What we call “talent” is generally “enjoying early practice so much it felt like playing, so you got good at something without noticing that you’d put in a lot of work” https://t.co/cHNd2IUDIM
— Cory Doctorow (@doctorow) December 8, 2017
I like this quote from Cory Doctorow about talent. Talent seems like it just appears out of nowhere fully-formed, but it’s really the result of a lot of hard work.
Talented people enjoyed that hard work while they were doing it so much they did it all the time. They practiced to relax. They practiced in every spare moment. To an outside observer, they were suddenly great at something while everyone else around them was struggling because all the hard work was invisible.
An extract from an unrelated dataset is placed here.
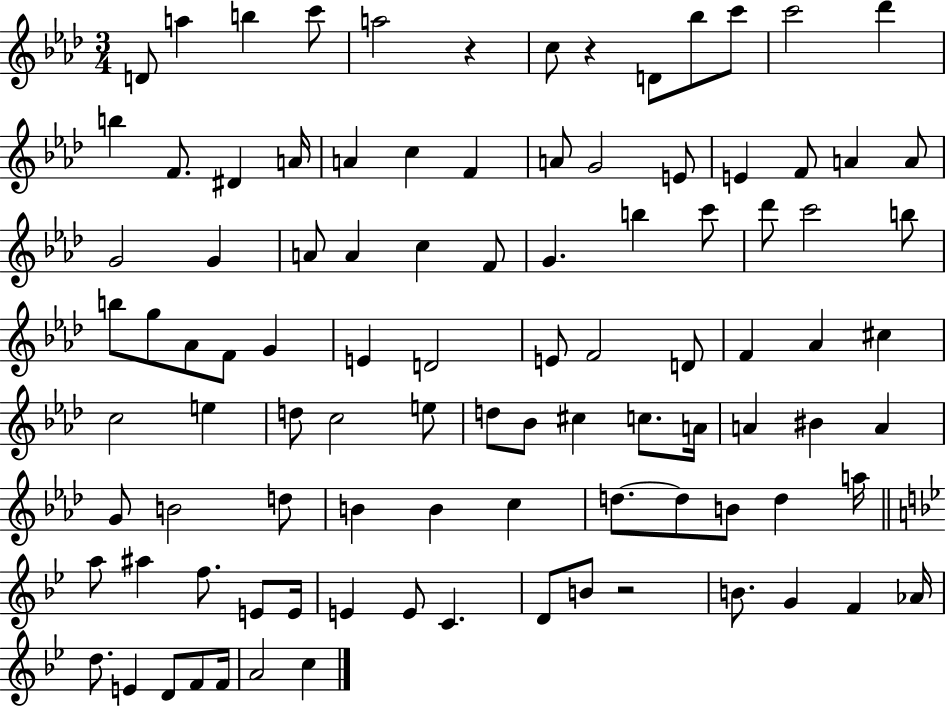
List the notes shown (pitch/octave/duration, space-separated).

D4/e A5/q B5/q C6/e A5/h R/q C5/e R/q D4/e Bb5/e C6/e C6/h Db6/q B5/q F4/e. D#4/q A4/s A4/q C5/q F4/q A4/e G4/h E4/e E4/q F4/e A4/q A4/e G4/h G4/q A4/e A4/q C5/q F4/e G4/q. B5/q C6/e Db6/e C6/h B5/e B5/e G5/e Ab4/e F4/e G4/q E4/q D4/h E4/e F4/h D4/e F4/q Ab4/q C#5/q C5/h E5/q D5/e C5/h E5/e D5/e Bb4/e C#5/q C5/e. A4/s A4/q BIS4/q A4/q G4/e B4/h D5/e B4/q B4/q C5/q D5/e. D5/e B4/e D5/q A5/s A5/e A#5/q F5/e. E4/e E4/s E4/q E4/e C4/q. D4/e B4/e R/h B4/e. G4/q F4/q Ab4/s D5/e. E4/q D4/e F4/e F4/s A4/h C5/q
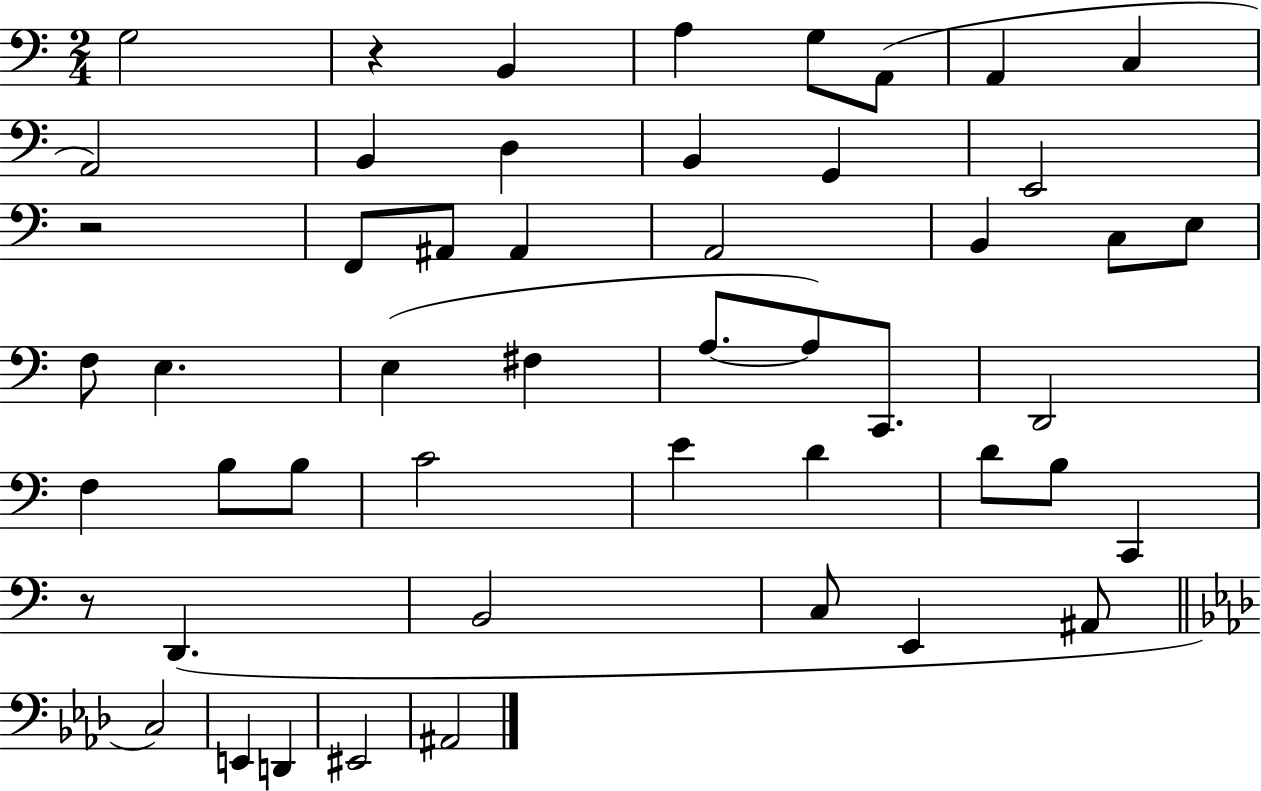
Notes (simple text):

G3/h R/q B2/q A3/q G3/e A2/e A2/q C3/q A2/h B2/q D3/q B2/q G2/q E2/h R/h F2/e A#2/e A#2/q A2/h B2/q C3/e E3/e F3/e E3/q. E3/q F#3/q A3/e. A3/e C2/e. D2/h F3/q B3/e B3/e C4/h E4/q D4/q D4/e B3/e C2/q R/e D2/q. B2/h C3/e E2/q A#2/e C3/h E2/q D2/q EIS2/h A#2/h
There was no complaining or browbeating or self-criticism.
People often use the word “talent” in a dismissive way, “It’s so easy for you. I have to work so hard at it but it comes naturally to you.” Aren’t they really envying the amount of work someone has already put in? Or at least envying the fact that the talented person enjoyed all that hard work.
Imagine if you could adopt an attitude of play for something you wanted to get good at. If you could laugh and shake your head when you failed instead of judging yourself. If instead of dreading starting again, you couldn’t wait for the next game to begin. Think about how much faster you’d improve.
Think about how much fun all that hard work would be.